Le Quang T, Gungor A C, Vasyukov D, Hoffmann J, Smajic J, Zeier M
RF and Microwave Laboratory of the Federal Institute of Metrology METAS of Switzerland, 3003 Bern-Wabern, Switzerland.
Institute of Electromagnetic Fields (IEF), ETH Zurich, 8092 Zurich, Switzerland.
Rev Sci Instrum. 2021 Feb 1;92(2):023705. doi: 10.1063/5.0032129.
We present in this paper a new design of a capacitive calibration kit for scanning microwave microscopy (SMM). As demonstrated by finite element modelings, the produced devices are highly independent of material parameters due to their lateral configuration. The fabrication of these gold-based structures is realized by using well established clean-room techniques.

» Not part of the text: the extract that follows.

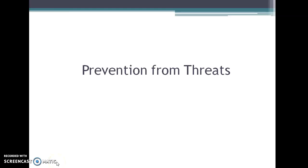Hello again everyone. In the previous lecture we discussed about the importance of computer attacks and networking threats. In this lecture we will discuss a few of the means to protect your computer or to prevent it from those threats. The threats we are talking about here are viruses, worms, spams, and the trojan horse. Regarding hacking, we will discuss about that later.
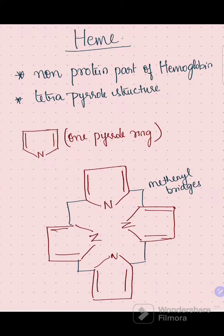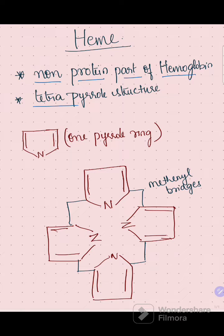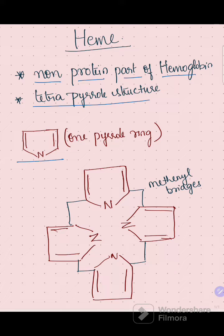Heme is the non-protein part of hemoglobin. It is a tetrapyrrole structure — four pyrrole rings are joined together to form one heme molecule. This is one pyrrole ring.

SMM measurements are performed under different conditions, and all capacitive structures exhibit a strong contrast with respect to the non-capacitive background. The obtained experimental data are employed to calibrate the used SMM tips and to extract the capacitance of produced devices following a method based on the short-open-load calibration algorithm for one-port vector network analyzers. The comparison of experimental capacitance and nominal values provided by our models proves the applicability of the used calibration approach for a wide frequency range.
我们在本文中展示了一种用于扫描微波显微镜(SMM)的电容校准套件的新设计。如有限元建模所示,由于其横向配置,所制造的器件高度独立于材料参数。这些基于金的结构的制造是通过使用成熟的洁净室技术实现的。在不同条件下进行SMM测量,并且所有电容结构相对于非电容背景都表现出强烈的对比度。获得的实验数据用于校准所使用的SMM尖端,并按照基于单端口矢量网络分析仪的短路 - 开路 - 负载校准算法的方法提取所制造器件的电容。我们模型提供的实验电容与标称值的比较证明了所使用的校准方法在很宽频率范围内的适用性。